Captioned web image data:

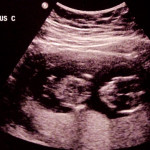 Ultrasound of baby C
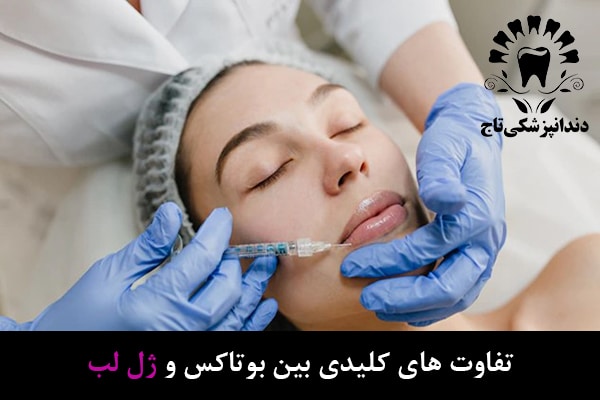 فیلر لب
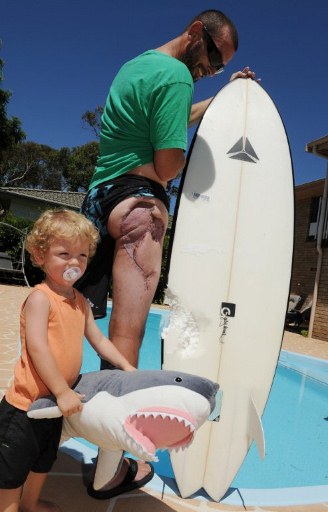 Australian surfer Glen Folkard (R), sporting a massive scare, displays his damaged surf board. ©AFP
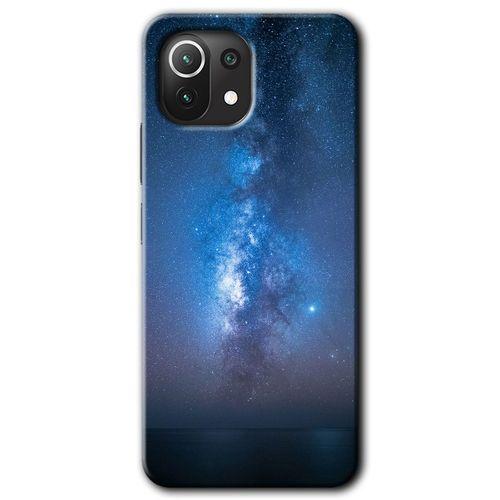 Xiaomi Mi 11 Lite Kılıf Baskılı Arka Kapak - Samanyolu +Tam Ekran Koruyucu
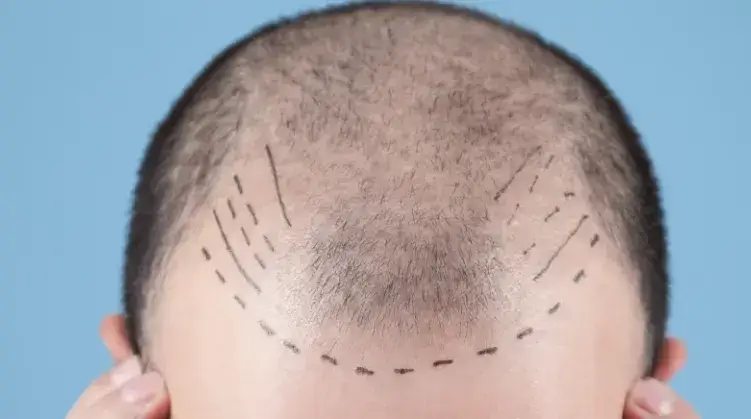 Hair Transplant Operation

- Required action
Print, exactly and without pictures, the lines from the one holding "Xiaomi Mi 11" through the last line of the entries above, both included.

- Answer section
 Xiaomi Mi 11 Lite Kılıf Baskılı Arka Kapak - Samanyolu +Tam Ekran Koruyucu
 Hair Transplant Operation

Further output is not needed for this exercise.